§ Dataset content:
= = =
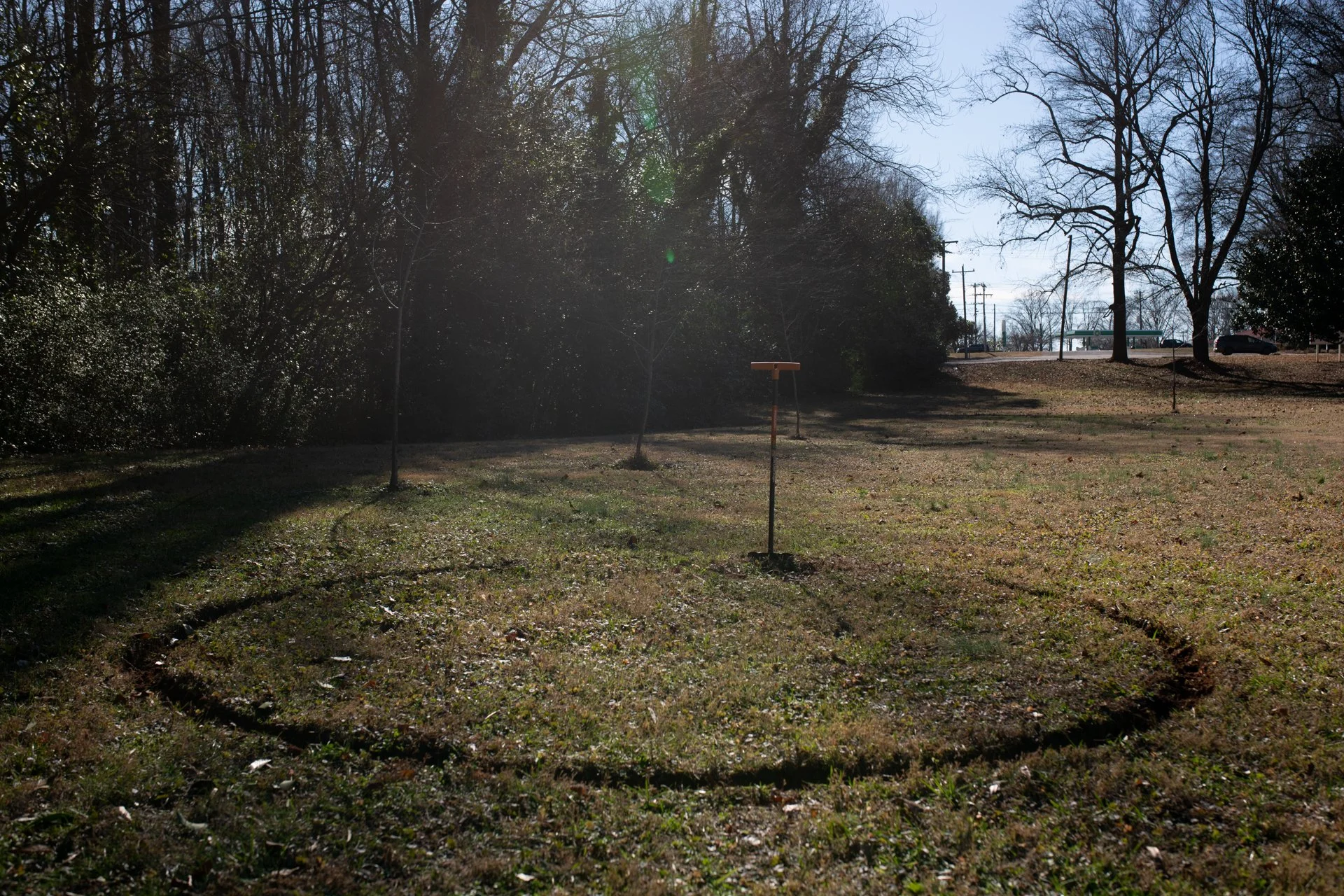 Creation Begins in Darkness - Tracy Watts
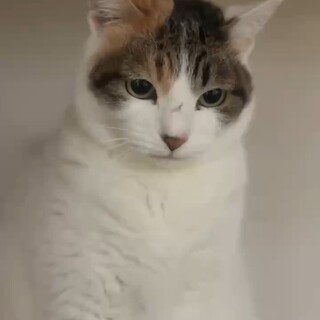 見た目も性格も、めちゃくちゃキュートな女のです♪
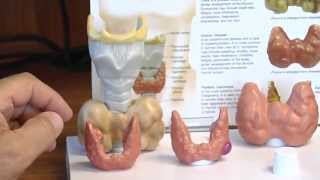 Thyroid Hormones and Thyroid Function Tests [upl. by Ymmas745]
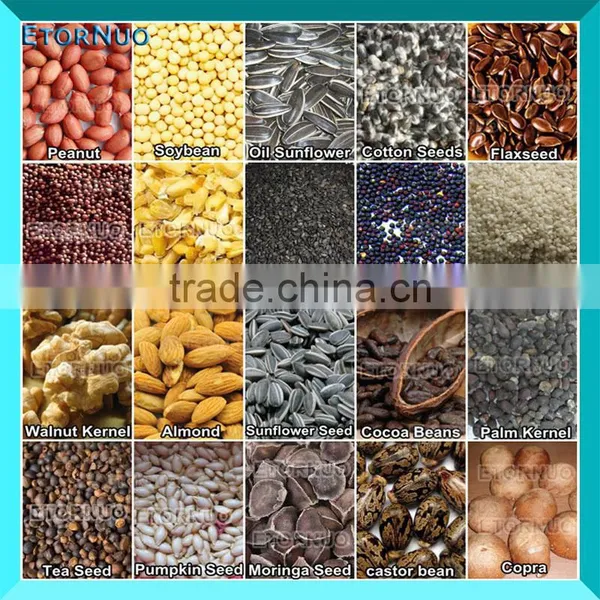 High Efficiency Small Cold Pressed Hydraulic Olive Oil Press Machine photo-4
= = =
Copy the line showing "Thyroid Hormones and" exactly, along with each line after it through the end of the material above. Pictures stay out.

§ Reply:
 Thyroid Hormones and Thyroid Function Tests [upl. by Ymmas745]
 High Efficiency Small Cold Pressed Hydraulic Olive Oil Press Machine photo-4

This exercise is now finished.